Chicago Cubs’ shortstop, Starlin Castro is in the middle of his fifth season in the big leagues and, on the whole, his career has been marked by drastic inconsistency. Castro has played like the best shortstop in baseball at times, between a 200-hit season, back-to-back 20 stolen base seasons and his ability to make acrobatic plays in the field. But Castro has also shown us his other side; mentally weak, unfocused, and immature. If the Cubs, indeed, plan on competing as soon as 2015 or 2016 they need to figure out if Castro is more Dr. Jekyll or Mr. Hyde.
Even this year alone we have been able to see Castro reach dramatic highs and lows:
(stats per ESPN.com)
Peaks and valleys are normal throughout a 162-game season, but Starlin Castro undulates so dramatically, from stud to dud, (seemingly) every month and that he becomes almost useless to the Cubs. Starlin Castro will be a leader on the field for the Cubs as they make the push for a world series title and if he cannot stay more consistent he will not be able to contribute the way that we expect him to. Here is another way of looking at it; how many times have we said that Starlin Castro is carrying the Cubs’ offense? On this site we have noted multiple times that Castro & Anthony Rizzo have carried the team or that Rizzo has carried the team, but not once have we written about Starlin Castro’s ability to carry an offense.

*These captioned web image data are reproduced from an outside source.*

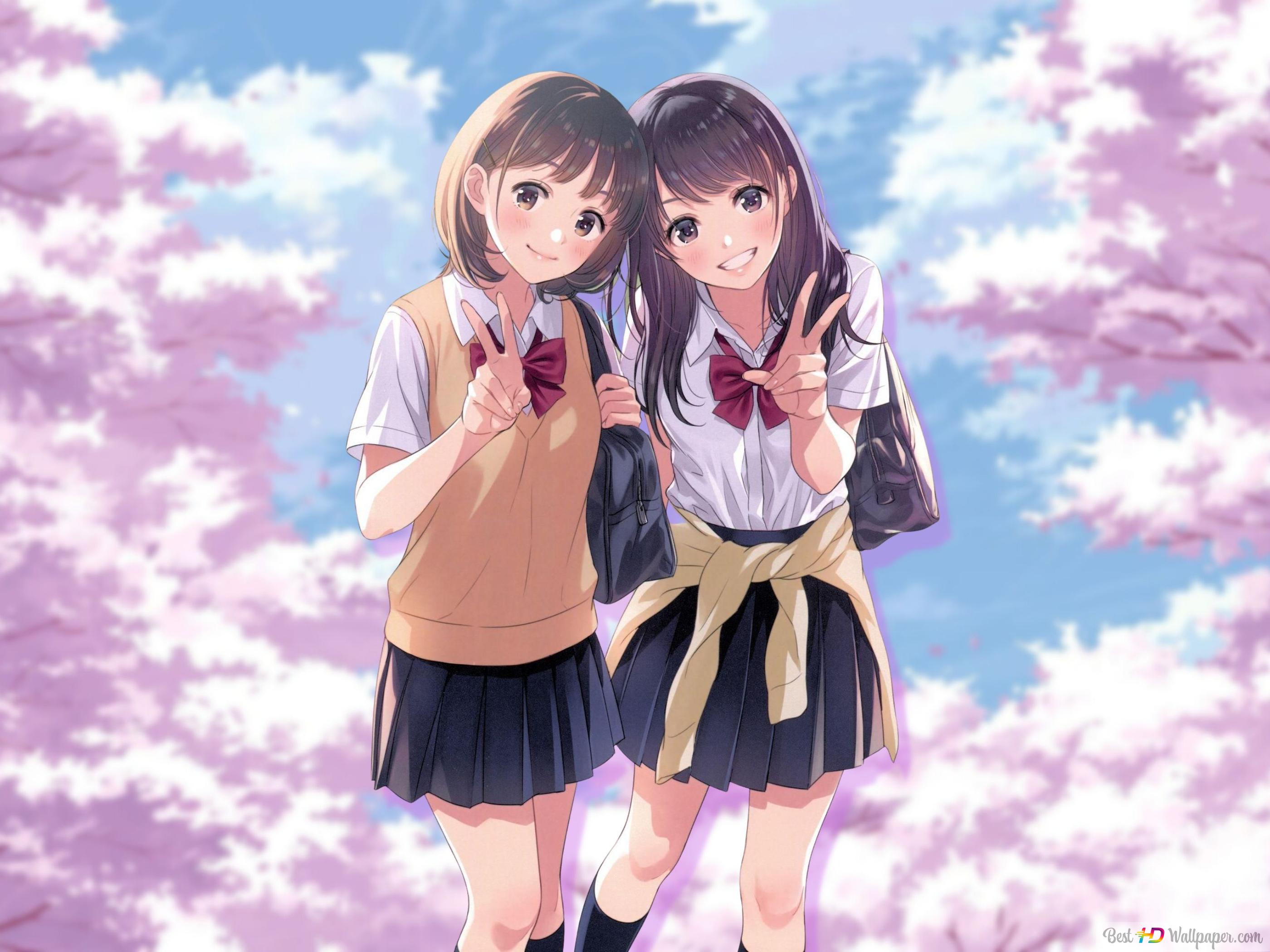 Anime Girl Best Friend Hd Wallpapers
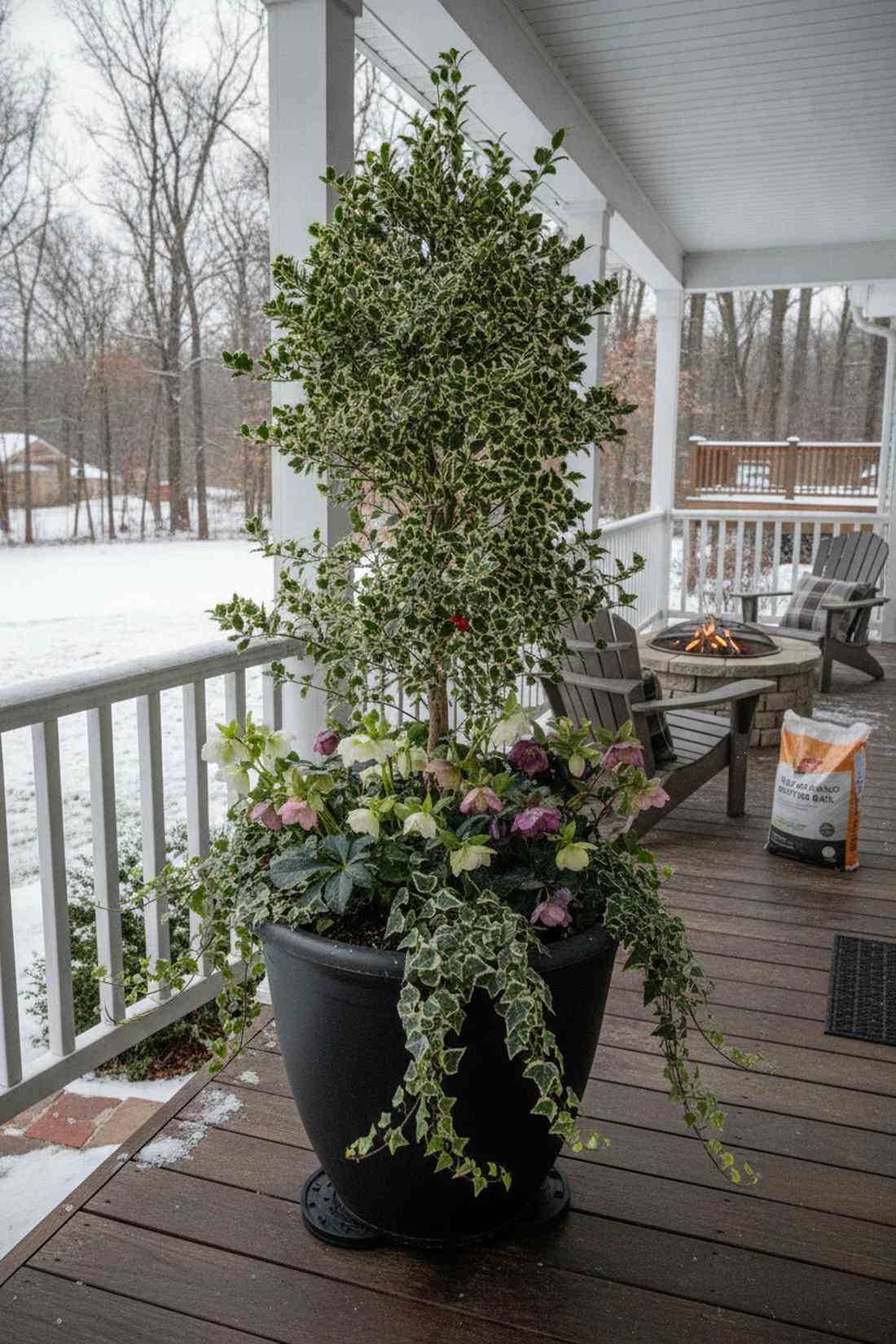 variegated holly and hellebore planter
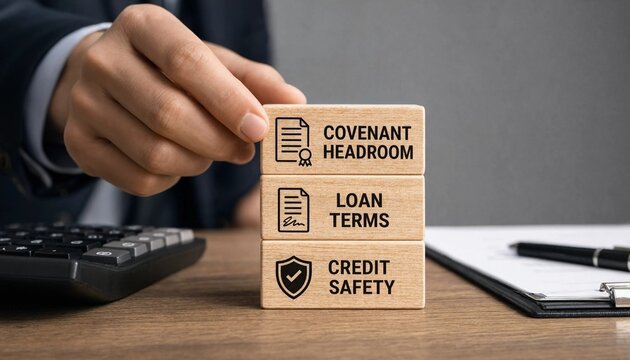 Professional placing wooden blocks illustrating key financial concepts like covenant headroom loan terms and credit safety on desk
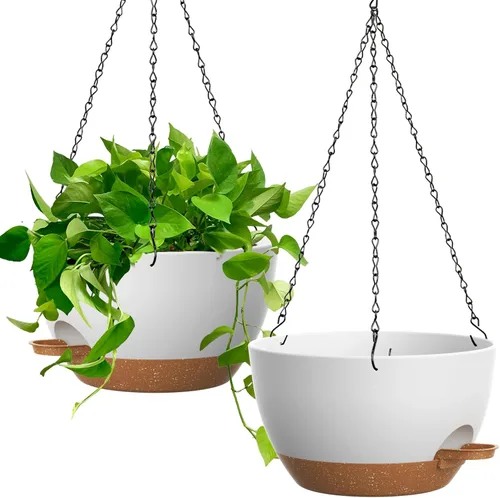 Miniatura 12 de UOUZ Paquete de 2 macetas colgantes grandes de 13 pulgadas con riego automático para plantas de interior y exterior, macetas colgantes con depósito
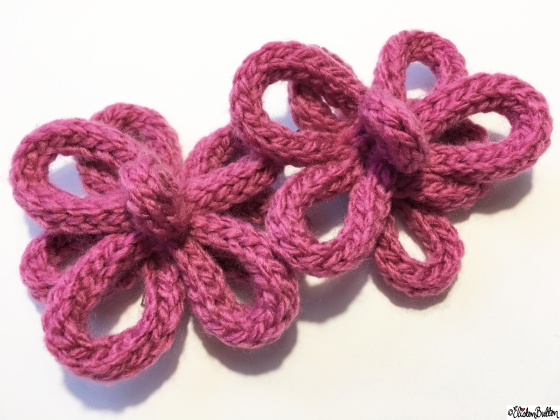 Two Handmade Rasperry Pink French Knitted Flower Hair Grips - Custom Orders and Creative Imagination at www.elistonbutton.com - Eliston Button - That Crafty Kid – Art, Design, Craft & Adventure.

Don’t read this the wrong way; everyone wants Starlin Castro to succeed. We would love to see him hit .300 with 200 hits again. But how realistic is that? Castro is in the middle of eight-year, 60.5 million dollar deal that is very team-friendly, given he performs at a high level, but if is performance does not rebound he will become expendable. The biggest reason for that is the presence of Javier Baez and Addison Russell.

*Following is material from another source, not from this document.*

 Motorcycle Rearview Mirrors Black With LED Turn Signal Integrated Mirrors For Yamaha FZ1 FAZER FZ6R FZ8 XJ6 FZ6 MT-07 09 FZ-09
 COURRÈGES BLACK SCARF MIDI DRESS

The Cubs’ unbelievable depth at the shortstop position is a “great problem” to have, but eventually all problems have to be resolved, even “great problems”. And the way to solve this problem is to either change positions or change teams.

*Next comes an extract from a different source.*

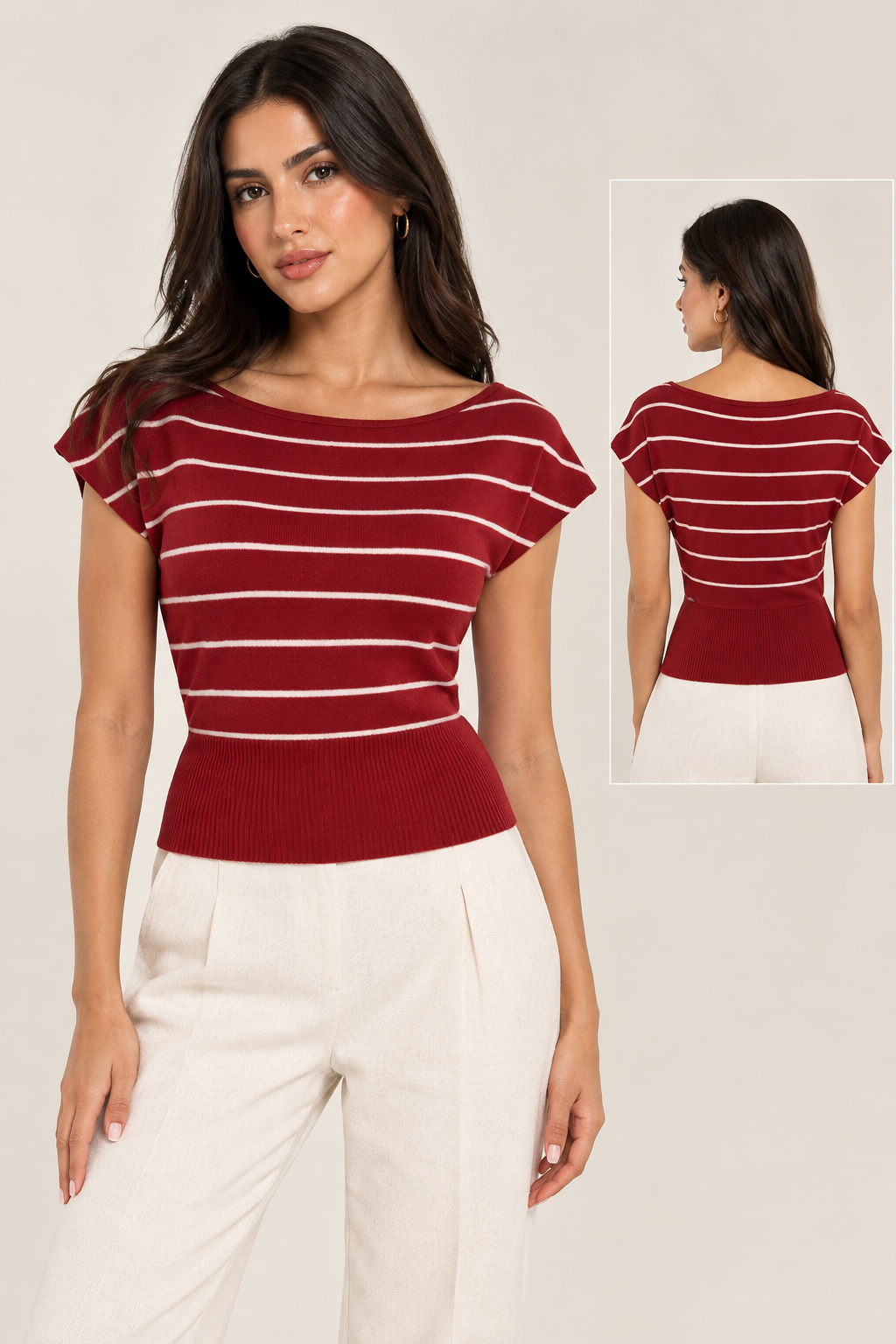 Striped wool T-shirt with open shoulder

A quick poll of Cubs’ fans would probably indicate that they would rather keep Starlin Castro because we have watched him grow up in Chicago for the past five years. How Castro finishes this season will have an impact on his future in Chicago; it will dictate how much rope he is given by the front office. Over the last three seasons, Castro has been a .267 hitter in the month of August and a .302 hitter in September. Who knows what Starlin Castro’s future might hold, but one thing is for sure; he has the ability to shape the future of the Cubs with his play over the next few months and the next few seasons.